First of all, if Bloody Bill Kristol is serious about the notion that Republicans are making a mistake by conflating any of these various "Obama scandals" he might want to ask Chris Wallace to go have a little chat with Neil Cavuto and tell him to simmer down.
June 9, 2013

First of all, if Bloody Bill Kristol is serious about the notion that Republicans are making a mistake by conflating any of these various "Obama scandals" he might want to ask Chris Wallace to go have a little chat with Neil Cavuto and tell him to simmer down.

Second, it's pretty obvious that his advice is going to fall on deaf ears, because he was promptly ignored by Lady McCheney Mary Matalin who, while sitting on the same panel with Kristol, proceeded to do just that.

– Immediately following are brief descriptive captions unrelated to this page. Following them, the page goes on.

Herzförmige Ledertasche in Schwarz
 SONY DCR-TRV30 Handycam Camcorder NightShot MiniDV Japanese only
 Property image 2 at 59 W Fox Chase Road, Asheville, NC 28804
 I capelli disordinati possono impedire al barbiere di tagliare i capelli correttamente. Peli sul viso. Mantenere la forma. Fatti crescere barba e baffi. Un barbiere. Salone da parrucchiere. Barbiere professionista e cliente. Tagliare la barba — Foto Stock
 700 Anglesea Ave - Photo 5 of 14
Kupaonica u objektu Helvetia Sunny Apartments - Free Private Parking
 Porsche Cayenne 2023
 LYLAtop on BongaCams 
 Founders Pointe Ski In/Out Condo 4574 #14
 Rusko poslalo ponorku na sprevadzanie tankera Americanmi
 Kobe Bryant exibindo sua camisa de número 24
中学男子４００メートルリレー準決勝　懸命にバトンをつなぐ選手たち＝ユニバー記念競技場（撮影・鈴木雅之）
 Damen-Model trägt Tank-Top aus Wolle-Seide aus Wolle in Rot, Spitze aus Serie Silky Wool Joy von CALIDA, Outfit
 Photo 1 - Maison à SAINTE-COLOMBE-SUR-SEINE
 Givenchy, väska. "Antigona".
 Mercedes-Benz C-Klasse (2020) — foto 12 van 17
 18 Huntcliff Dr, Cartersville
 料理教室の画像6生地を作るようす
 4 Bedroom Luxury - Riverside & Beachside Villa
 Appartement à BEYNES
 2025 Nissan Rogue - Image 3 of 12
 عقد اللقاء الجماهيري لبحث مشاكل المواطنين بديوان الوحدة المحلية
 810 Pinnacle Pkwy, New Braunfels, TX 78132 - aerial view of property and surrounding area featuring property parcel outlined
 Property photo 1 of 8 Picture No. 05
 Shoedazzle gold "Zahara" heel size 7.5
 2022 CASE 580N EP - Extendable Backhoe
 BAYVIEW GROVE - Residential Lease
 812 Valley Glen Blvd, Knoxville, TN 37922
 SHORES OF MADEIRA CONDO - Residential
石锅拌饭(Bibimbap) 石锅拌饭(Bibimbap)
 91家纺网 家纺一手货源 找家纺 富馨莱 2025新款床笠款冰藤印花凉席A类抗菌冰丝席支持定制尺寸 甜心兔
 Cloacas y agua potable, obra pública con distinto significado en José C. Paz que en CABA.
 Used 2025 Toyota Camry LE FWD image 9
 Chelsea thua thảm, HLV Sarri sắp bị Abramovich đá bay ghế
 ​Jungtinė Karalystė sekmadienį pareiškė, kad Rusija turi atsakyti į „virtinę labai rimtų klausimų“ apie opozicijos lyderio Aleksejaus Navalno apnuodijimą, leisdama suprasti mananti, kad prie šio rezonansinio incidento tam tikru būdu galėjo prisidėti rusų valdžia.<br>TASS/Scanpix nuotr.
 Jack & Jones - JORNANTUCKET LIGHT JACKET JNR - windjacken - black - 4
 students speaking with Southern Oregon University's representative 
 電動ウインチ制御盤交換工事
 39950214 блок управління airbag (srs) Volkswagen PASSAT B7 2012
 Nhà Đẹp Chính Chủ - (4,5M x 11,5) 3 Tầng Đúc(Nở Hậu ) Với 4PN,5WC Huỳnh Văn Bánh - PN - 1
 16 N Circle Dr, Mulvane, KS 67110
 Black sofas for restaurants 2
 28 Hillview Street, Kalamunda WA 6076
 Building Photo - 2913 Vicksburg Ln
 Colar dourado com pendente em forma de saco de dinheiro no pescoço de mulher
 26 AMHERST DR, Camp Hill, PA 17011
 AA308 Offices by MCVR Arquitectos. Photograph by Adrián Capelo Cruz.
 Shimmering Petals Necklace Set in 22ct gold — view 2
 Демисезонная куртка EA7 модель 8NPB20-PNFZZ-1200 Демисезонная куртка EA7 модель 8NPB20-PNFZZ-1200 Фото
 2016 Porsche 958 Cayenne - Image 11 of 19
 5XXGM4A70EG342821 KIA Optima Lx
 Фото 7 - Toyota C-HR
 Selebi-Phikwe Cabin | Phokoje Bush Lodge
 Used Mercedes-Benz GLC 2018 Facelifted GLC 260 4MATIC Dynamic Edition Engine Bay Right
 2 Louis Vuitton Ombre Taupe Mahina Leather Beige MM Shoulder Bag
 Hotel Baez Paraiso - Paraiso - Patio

And third, of course Kristol doesn't think that scooping up the data from millions of American citizens by the NSA is any big deal, but the drummed up IRS "scandal" where those poor teabaggers had to wait for a tax exempt status they never should have been granted in the first place, that is supposedly a national tragedy and a "very serious" abuse of power. Par for the course, it's upside down land over at Faux "News."

I was hoping we wouldn't see much of Matalin after she and her husband parted ways with CNN. Looks like she landed right where someone as toxic as she is belongs -- on Fox.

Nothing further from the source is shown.